I ran the command you have given. But I don’t know how to fix it. Could you give me some advice?


#4

Hi @FengjiangLiu,

Looks like some sort of SSH error. From that machine, if you run ssh spuser@spgpu, do you get a Host Verification request? Or any other type of error?


#5

Hi, @sarulthasan


Just as same as former.

I noticed that when I upgrade cryoSPARC, many old software were upgraded too. If it is possible that something was changed about GPU or GPU detection.


#6

Hi @sarulthasan

I got the same problem on my ‘standalone’ machine. the sshuser@hostname can lead to the verification request.


#7

Hi @FengjiangLiu,

You need password-less SSH access to this machine for the function to work properly.

Ensure that SSH keys are set up for the cryosparc_user account to SSH between the master node and the worker node without a password. From https://cryosparc.com/docs/reference/install/#remote-access:

Set up SSH keys for password-less access (only if you currently need to enter your password each time you ssh into the compute node).

  1. If you do not already have SSH keys generated on your local machine, use ssh-keygen to do so.
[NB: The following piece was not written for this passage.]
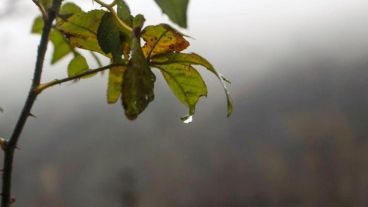 Las hojas verdes amanecieron mojadas.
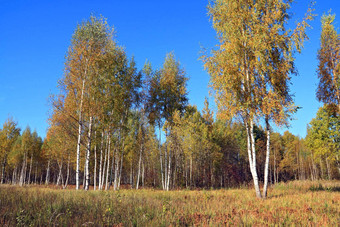 秋天桦木木蓝色的背景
Open a terminal prompt, and enter:

    ssh-keygen -t rsa -N "" -f $HOME/.ssh/id_rsa
    

    Note: this will create an RSA key-pair with no passphrase in the default location.

  2. Copy the RSA public key to the remote compute node for password-less login:

    ssh-copy-id remote_username@remote_hostname
    

    Note: remote_username and remote_hostname are your username and the hostname that you use to SSH into your compute node. This step will ask for your password.


#8

Hi @hxn,

Thanks for reporting this. We’ll add a fix to ensure SSH is not used on standalone instances.


#9

Hi @ sarulthasan

I can select a specific GPU now. Thanks a lot.

But there is still a problem in using Muti-GPUs in Patch Motion Correction.

And when I ran “cryosparcm cli “get_gpu_info()” && cryosparcm log command_core”, the output shows like this.


#10

Hi @FengjiangLiu,

Glad you were able to get the GPU queuing to work. Regarding the other error, it was a bug in cryoSPARC v2.12.0 and 2.12.2. A patch has been released (v2.12.4) to fix this issue, as well as a few others. To update, run cryosparcm update


#11

Thank you very much! I’m going to try!